Sundance - Ceremony and Ritual


(Notes from a one week course taught at Schumacher College from 9 - 13 Nov 2015, teachers Loretta Afraid of Bear, Linda Delorimer and Tim 'Mac' Macartney.)

Ceremony and Ritual
We are always in ceremony. Life is a ceremony. The ancestors are around and they are listening. They want to help us, if only we would to ask. Nothing about ceremony is a contest. Be prepared each day of your life to get involved and to be challenged. As in life, ceremony has beautiful aspects and hard aspects. You don't have to make excuses for anything. You are part of the ceremony whether you go inside the inipi (Sweat Lodge) or not.

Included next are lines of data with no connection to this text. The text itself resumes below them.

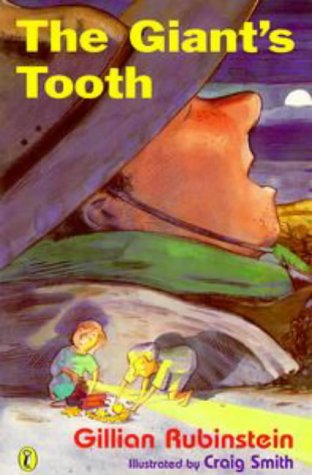 The Giant's Tooth cover
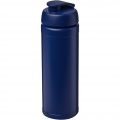 Baseline® Plus 750 ml Flasche mit Klappdeckel, Blau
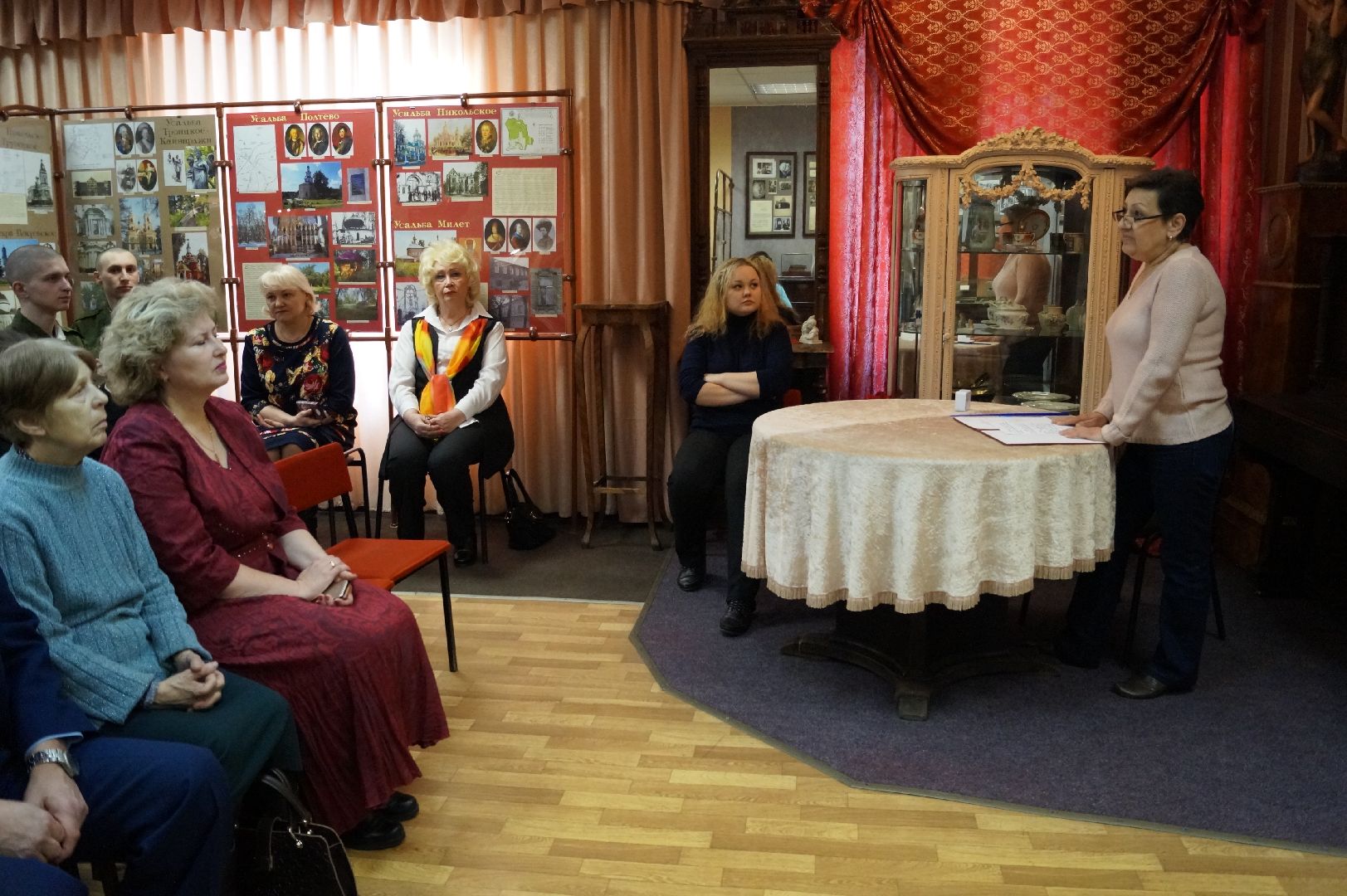 историко-краеведческий музей, балашиха,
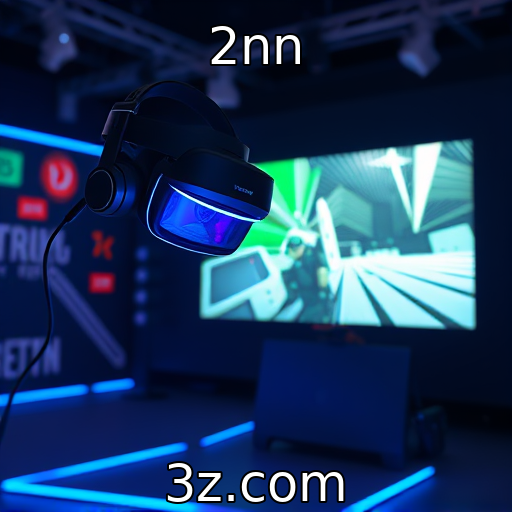 2nn | Tendências futuras na realidade virtual para jogos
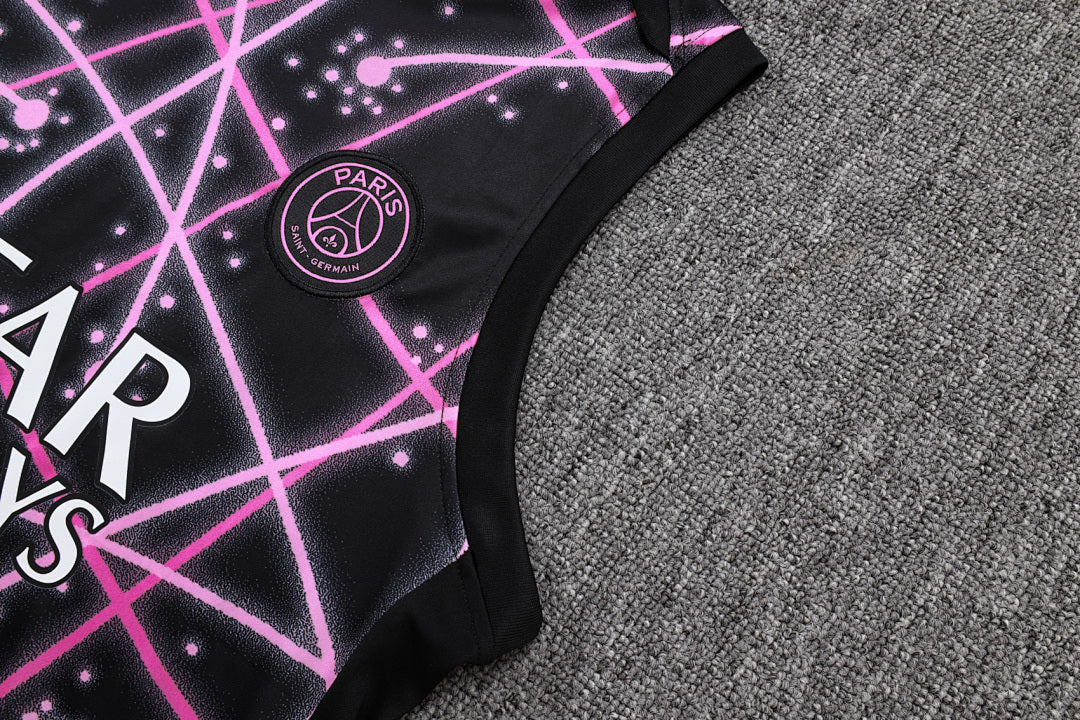 Kit Football Paris Débardeur Training 2025/26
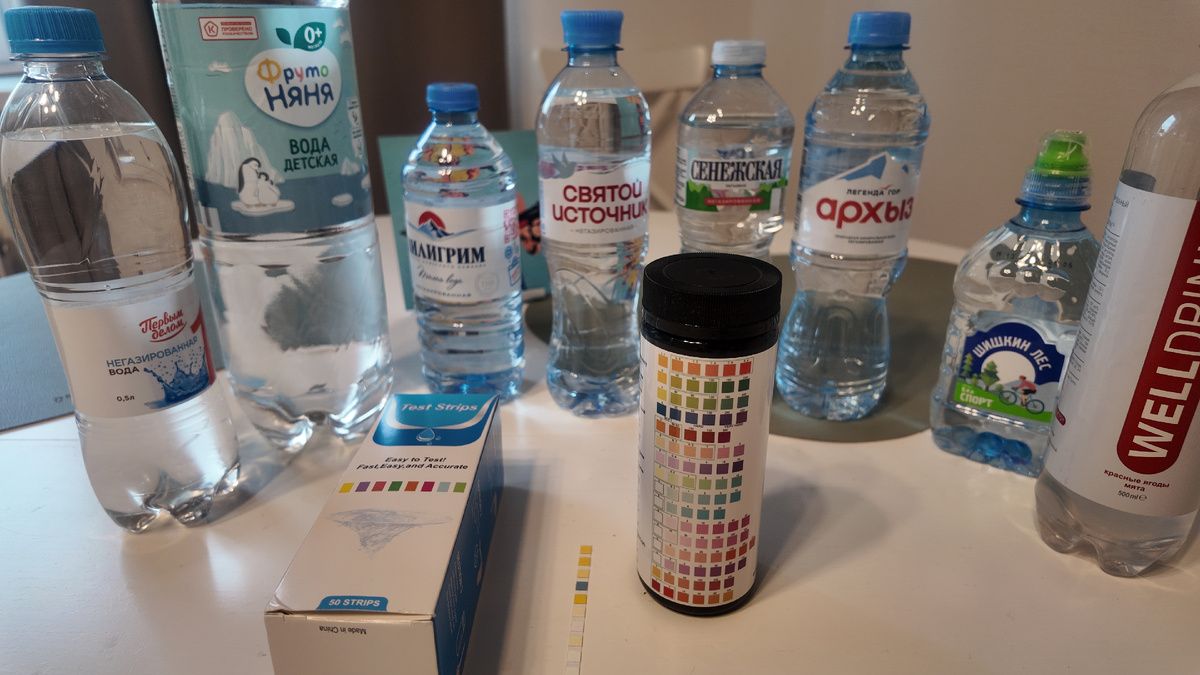 Запечатанные тайны: что скрывают популярные бренды воды и водопроводная вода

The first grandfather was rock. In the beginning there were four gods - Sun, Air, Earth, Rock - in the four directions. This is known as four to the fourth power. The rock grandfathers know everything. If you are in a place of huge challenge you can say to them, 'It is too hard for me, I am going to give this pain, question, issue back to you because I do not know what to do with it.' Our time on Earth is short. Make this time count. Feed the grandfathers in ceremony. Ask the grandfathers for help and healing. Take care of yourselves in this most critical and challenging of times, where many are governed by convenience and commerce and not those activities that are regenerate and life bringing. Be humble and respectful of the natural ways. YOU can make things happen. The holiest time is between 1.30 - 3.00am in the morning. It is the most holiest and magical time for an inipi.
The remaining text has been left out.